“Last Man Standing,” 8 p.m., ABC.
It's time for the
wedding and Mandy is not pleased. She dislikes the Bible readings (“a
little preachy”), the church seating (“a little pew-y”) and the
tennis shows her groom and his best man plan to wear. Others are
growing bitter. “When do we get to throw rice at her?” a sister
asks. “And can it be rocks?”
That leaves it up to
her parents (Tim Allen and Nancy Travis) to smooth things over. The
result may not be original, but it's quick and clever and – at the
right moments – sort of sweet.
“Great Performances: Gypsy,” 9 p.m., PBS.
When they read Gypsy
Rose Lee's memoirs, Broadway people saw the perfect combination –
Ethel Merman starring as the overbearing mother, with young Stephen
Sondheim writing the songs.
Sondheim should stick to lyrics, with Jule Styne doing the music.
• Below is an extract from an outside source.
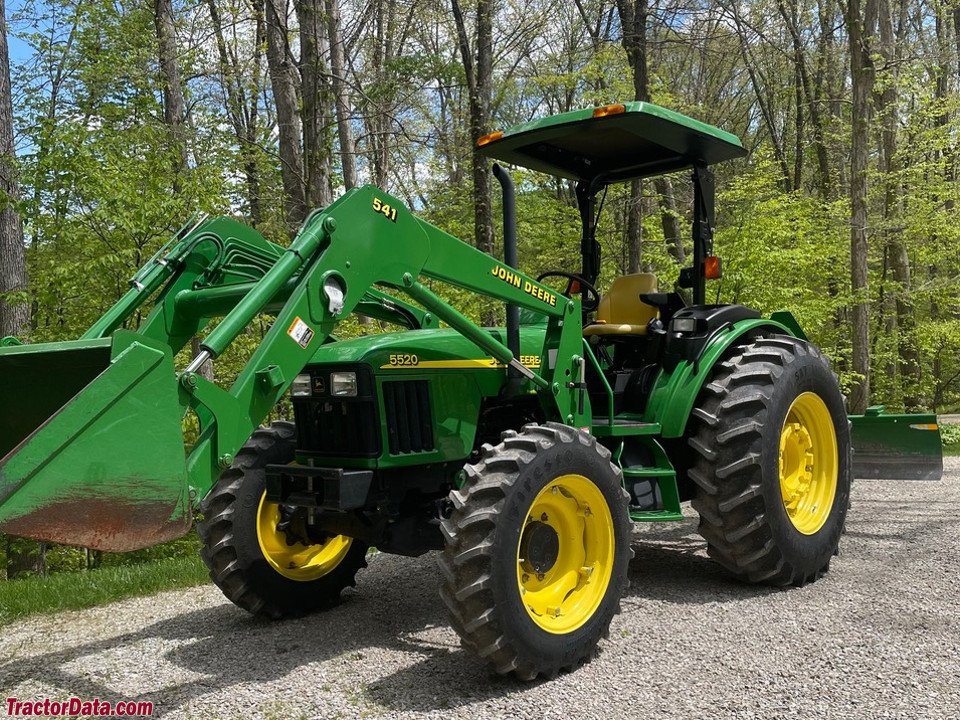 Tractor John Deere 5520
They created the classics “Let Me Entertain You,” “Some People”
and “Everything's Coming Up Roses.” Now – after four revivals,
a movie and a TV film – here's a fairly good production: The story
is weak, the songs are great, the star (Imelda Staunton) is so-so,
others (especially Lara Pulver as Louise) are first-rate.
ALTERNATIVE: “Crazy Ex-Girlfriend,” 9 p.m., CW.
Sometimes, it's wise
to know when a relationship – or a story – has burned out.
“Crazy” stretched its Josh-or-Greg quandary way too long; now it
wraps it up with an exceptionally good episode.
Two songs are both
very brilliant and very adult. In one, Greg keeps finding rhymes for
“feces storm” (sort of); in the other, he and Josh celebrate all
the places they've had sex with Rebecca, These are odd and clever
moments – and they help push the story in new places. There's a
turning point for Paula and some wonderfully funny moments for Vella
Lovell, as the perpetually dry and downbeat Heather.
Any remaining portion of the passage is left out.